After the smash hit musical Notre-Dame de Paris premiered in Paris in 1998, French composer Richard Cocciante turned to Antoine de Saint-Exupery's beloved fairytale to create another visually imaginative and musically captivating stage show with the help of a team that includes acclaimed stage designer Hans Schavernoch and costume designer Jean-Charles de Castelbajac.
While the lyrics are faithful to the original text in the novel, the elaborate production is furnished with kaleidoscopic effects that bring the imaginative cosmos of the novel into the real world. Over 300 stage mechanisms provide special effects to wow and dazzle non-stop. The phantasmagorical backdrops lead the audience through the floating planets inhabited by a motley crew of whimsical characters like the King, the Conceited Man and the Geographer.
The show sports a first-rate cast led by Laurent Ban, who plays the pilot-narrator and starred in the French-language productions of Les Miserables and Phantom of the Opera and 18-year-old Manon Taris, who was selected to play the little prince for the Asian tour.
Le Petit Prince premiered at the Casino de Paris in 2002, but the production's enormous scale and technological sophistication delayed the advent of international tours. Five years after the show opened, it is now finally ready to leave France for its Asian tour, first in China's Shanghai Oriental Arts Center (上海東方藝術中心) then at the National Theater.
"The difficulty in staging the production abroad is to find a proper theater that is big enough and has adequate technological support … The efficiency of Taiwan's technicians has been just amazing. They don't need much explaining to get the job done and the quality of locally made props is also above par," said director Bruno Carlucci.
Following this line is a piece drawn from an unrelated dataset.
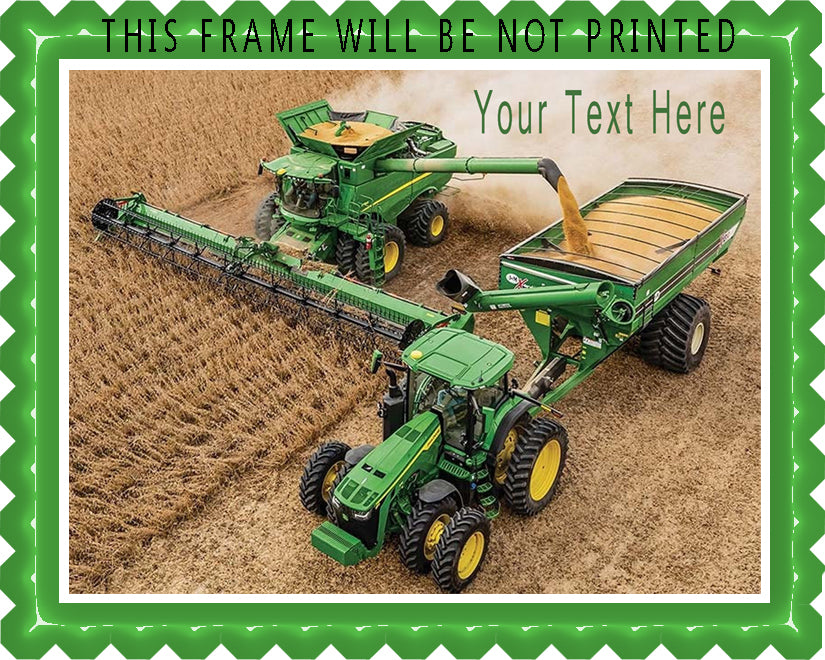 John Deere combine and tractor - Edible Cake Topper, Cupcake Toppers, Strips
Compared to Notre-Dame de Paris, where each number can be enjoyed as an independent piece (part of the reason why more than one million copies of the album were sold even before the theatrical version reached the stage, according to Carlucci), Le Petit Prince presents a challenge musically, as each song is an integral part of a lyrical whole.
Carlucci suggests that there might be an Oriental aspect in this presentation, which underlines aspects of the original story.
"The Little Prince, in fact, contains quite a lot of Oriental nutrients and we try to introduce the philosophical concepts of the East to a Western audience right from the beginning of the creative process," Carlucci pointed out.
Musical kinship with the East has further prompted the team to select four local performers including Cloud Gate dancer Wu Pei-shan (吳佩珊) to play the role of a snake that bit the little prince in order to send him back to his home planet.
It is also a dream fulfilled on the director's part to work with Asian artists who can lend new dance vocabularies to the show.
"There is no fixed form for French musicals, which have been constantly been reinvented. I guess it's a distinctive feature of our musicals, that is, the desire to search for the original," Carlucci said.